Regarding road disc brakes last week:

Dear Lennard,
I’ve worked in and out of the industry for a number of years and still it seems odd to see discs on road bikes.

None the less, they are here, perfect or not. Yesterday I saw Chris D. from Specialized on what seemed to be a prototype disc cover. Please see the photo [above].
— Patrick

Dear Lennard,
The current hub-bub has reminded of this article.

Safety first!
— Joe

Dear Joe,
Yes! Thanks for reminding me of that article; I loved it back when it came out in 2014!
― Lennard

Dear Lennard,
There is a third option no one mentions concerning disc brakes on road bikes. That option is a disc only on the front. Considering the large differential in the work a front brake does versus rear, putting a disc on the front would give a rider almost all of the stronger braking benefits of a pair of discs. But the risk of injury would be greatly reduced. One would assume that the risk would be cut in half, but I think that is not true. In crashes, the front wheel rarely is elevated and freely rotating. Whereas the rear wheel often is. The risk should be well less than half — something to consider. (Campy has long understood that the front brake needs more power than the rear with its “differential” brakeset.)
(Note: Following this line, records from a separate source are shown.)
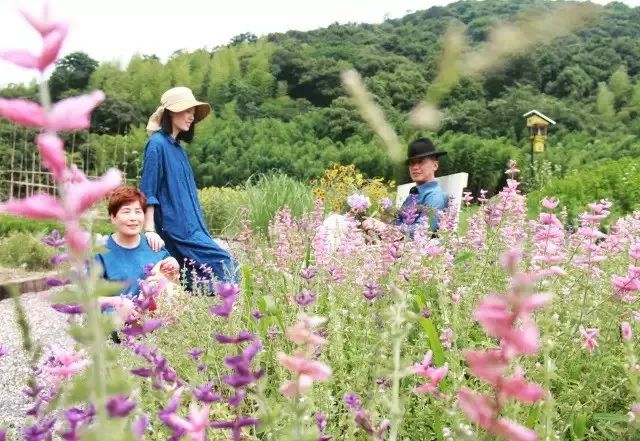 “土气”的休闲农业，正成为高端品牌争抢的“联姻”对象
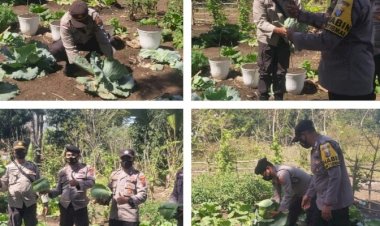 Kapolsek-Insana-Panen-Perdana-Tanaman-Holtikultura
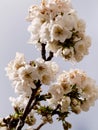 Natural white cherry blossom opn branch Royalty Free Stock Photo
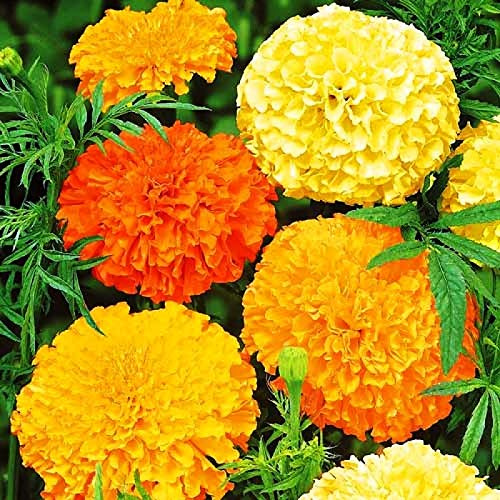 NIKA SEEDS - Seeds Flowers Mexican Marigold Cool Mix Annual - 250 Seeds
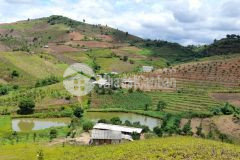 Cần bán mảnh 10ha làm trang trại ở chiềng sơn mộc châu, giá rẻ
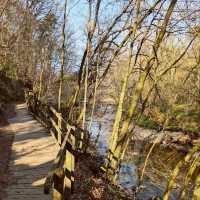 Brock Bottom River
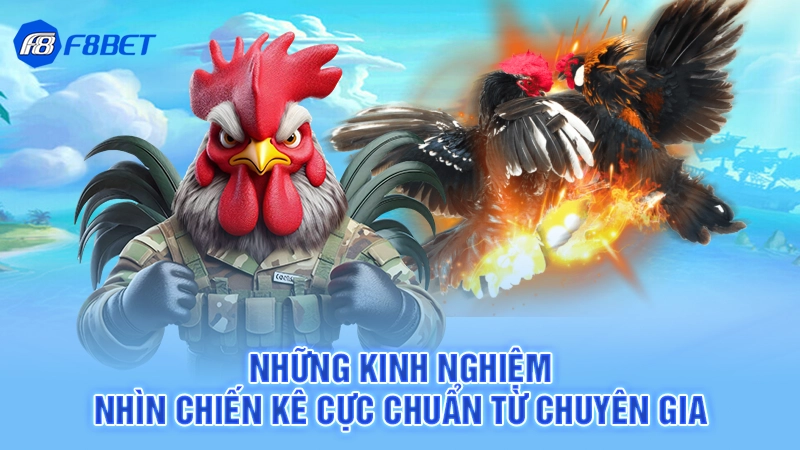 Đá Gà Uw99 - Cá Cược Chọi Kê Đẳng Cấp 3 Những kinh nghiệm nhìn chiến kê cực chuẩn từ chuyên gia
BTW, and regarding MTB, I sure wish I had the option to save some weight and run a front disc paired with a rim brake.
— Will

Regarding thumb pain from two weeks ago:

Dear Lennard,
You posted a thread discussing thumb pain. One man sent you a picture of his custom-fabricated thumb splint. The splint was well made and the man was pleased with the result achieved. However, had his therapist known the man was going to use the splint primarily for cycling, he/she would have likely fabricated a dorsal version of the splint for him. His picture shows a palm-based splint, which uses the palm as a foundation for thumb immobilization. One can get the same result with the foundation provided over the back (dorsum) of the hand. I believe a dorsal version would be more comfortable while weight bearing through the arms on handlebars. In addition, a palmar based splint might cause a small arm length discrepancy, which may lead to postural problems, neck pain, etc. Another option, his therapist could fit him with a neoprene or elastic splint with a rigid aluminum insert to support the thumb. If the soft splint works as well as the hard one, it would be much more comfortable than the rigid version.